BY BARRY RASCOVAR / July 25, 2012
(A version of this article ran in the Carroll County Times online on July 24)
You’d think every 50 years or so it would be nice to change faces in Annapolis.
Well, it will be 52 years before Dundalk’s favorite political son, Sen. Norman Stone, finishes his 13th term representing Baltimore County and departs the State House for the last time.
Stone will be missed. He was a dependable vote for Senate President Mike Miller and Democratic governors, a rock of support for organized labor and one of the few remaining conservatives in the Democratic caucus who acted as a counter-weight to the group’s liberal majority.
Baltimore County is losing many of its other right-of-center legislators next year, too.
On the west side of the county, Delegates Jimmy Malone and Steve De Boy of Catonsville-Arbutus have announced their intentions to retire as has Emmett Burns of Woodlawn-Randallstown.
Both Malone and De Boy have grown in stature over the years. They are constructive, hard-working lawmakers who have not forgotten their blue-collar roots. They are liberal on some social issues but conservative on fiscal and other matters.
Malone, a retired firefighter, is vice-chairman of the House Environmental Matters Committee and a voice for moderation in leadership ranks. De Boy, a retired police officer, sits on the powerful House Appropriations Committee where he has voted for sensible budget reductions that do minimal harm to people in need.
MORE WESTSIDE DEPARTURES
Burns, too, has cast some conservative votes, especially on gay rights and immigration issues that the ordained minister fiercely and loudly opposed.
Also in that part of the county, Del. Shirley Nathan-Pulliam of Woodlawn-Randallstown has decided to give up her seat to challenge incumbent Sen. Verna Jones-Rodwell of Baltimore City in a re-drawn district that is two-thirds in the county and just one-third in the city. This should give Nathan-Pulliam, who has represented the county portions of the new district for 20 years, a strong advantage.
Moving to the northwest section of Baltimore County, Del. John Cardin of Owings Mills-Reisterstown is running for Maryland attorney general, creating an open seat in the June 2014 primary. Jon Cardin’s hopes may rest on voters’ fondness for his uncle, U.S. Senator Ben Cardin, a fixture in Maryland elections since 1966.

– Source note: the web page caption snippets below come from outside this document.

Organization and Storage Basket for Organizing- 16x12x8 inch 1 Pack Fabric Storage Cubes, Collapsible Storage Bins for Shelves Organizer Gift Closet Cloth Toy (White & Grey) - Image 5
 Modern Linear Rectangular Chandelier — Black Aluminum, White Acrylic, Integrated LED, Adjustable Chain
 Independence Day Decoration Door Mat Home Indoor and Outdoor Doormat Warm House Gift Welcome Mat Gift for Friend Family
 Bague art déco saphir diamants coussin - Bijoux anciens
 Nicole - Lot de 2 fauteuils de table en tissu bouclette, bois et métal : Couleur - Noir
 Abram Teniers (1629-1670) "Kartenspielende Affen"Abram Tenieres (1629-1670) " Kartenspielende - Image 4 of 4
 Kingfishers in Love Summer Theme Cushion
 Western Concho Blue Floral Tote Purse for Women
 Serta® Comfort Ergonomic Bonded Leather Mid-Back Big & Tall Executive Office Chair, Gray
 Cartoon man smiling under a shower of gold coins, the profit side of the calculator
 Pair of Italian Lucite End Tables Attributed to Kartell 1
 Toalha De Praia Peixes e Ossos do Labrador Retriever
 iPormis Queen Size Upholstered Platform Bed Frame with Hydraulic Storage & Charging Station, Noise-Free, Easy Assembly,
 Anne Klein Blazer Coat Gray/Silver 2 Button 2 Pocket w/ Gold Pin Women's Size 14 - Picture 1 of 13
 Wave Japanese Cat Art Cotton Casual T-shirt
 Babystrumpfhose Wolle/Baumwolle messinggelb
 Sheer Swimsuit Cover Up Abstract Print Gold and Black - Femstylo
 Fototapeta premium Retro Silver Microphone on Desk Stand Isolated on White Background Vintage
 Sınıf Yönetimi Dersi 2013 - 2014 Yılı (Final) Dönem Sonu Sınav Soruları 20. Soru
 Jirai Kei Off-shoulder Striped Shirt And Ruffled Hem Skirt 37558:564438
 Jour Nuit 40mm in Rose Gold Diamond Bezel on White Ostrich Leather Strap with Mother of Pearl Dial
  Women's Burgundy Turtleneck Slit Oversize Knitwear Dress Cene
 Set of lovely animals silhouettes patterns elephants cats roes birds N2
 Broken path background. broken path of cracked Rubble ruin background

Another State House departure will be north-county Del. A. Wade Kach, a quiet, studious conservative Republican first elected in 1974. Redistricting forced his hand. He’s leaving Annapolis to run against County Councilman Todd Huff, whose term in the Council has been marred by a drunk driving conviction and his attempts to use his position to avoid the consequences.
Over on the eastern end of Baltimore County, Del. John Olszewski Jr., whose father-namesake sits on the County Council, is leaving the House of Delegates to run for Stone’s Senate seat. He has Stone’s endorsement and is the odds-on favorite.
Olszewksi, 31, would be quite different in the Senate from the 78-year-old Stone. Yet both are reflections of their historic steel-town community.
Stone is a throwback to a bygone era. He got his start in 1962 when he was asked to run for the House by Michael “Iron Mike” Birmingham, the eastside boss who became Baltimore County Executive after voters approved home rule.
Stone served a single term in the House and an extraordinary 12 terms in the Senate. Ever-friendly, gracious and polite, Norman Stone is an ardent backer of labor unions. His votes reflect the cautious nature of his district’s older residents.
Olszewski also votes in line with his district’s residents most of time. But he comes from a “green” generation that is dedicated to environmental causes. In the last General Assembly session, the League of Conservation Voters gave Olszewski a 71 percent rating versus Stone’s 40 percent.
The departure of so much seniority in Annapolis will make it more difficult for County Executive Kevin Kamenetz to leverage the next administration for local aid and assistance on important county projects.
While new legislative faces in the county’s state delegation may bring added enthusiasm and eagerness, this won’t make up for the loss of decades of experience in navigating the tricky twists and turns of political Annapolis.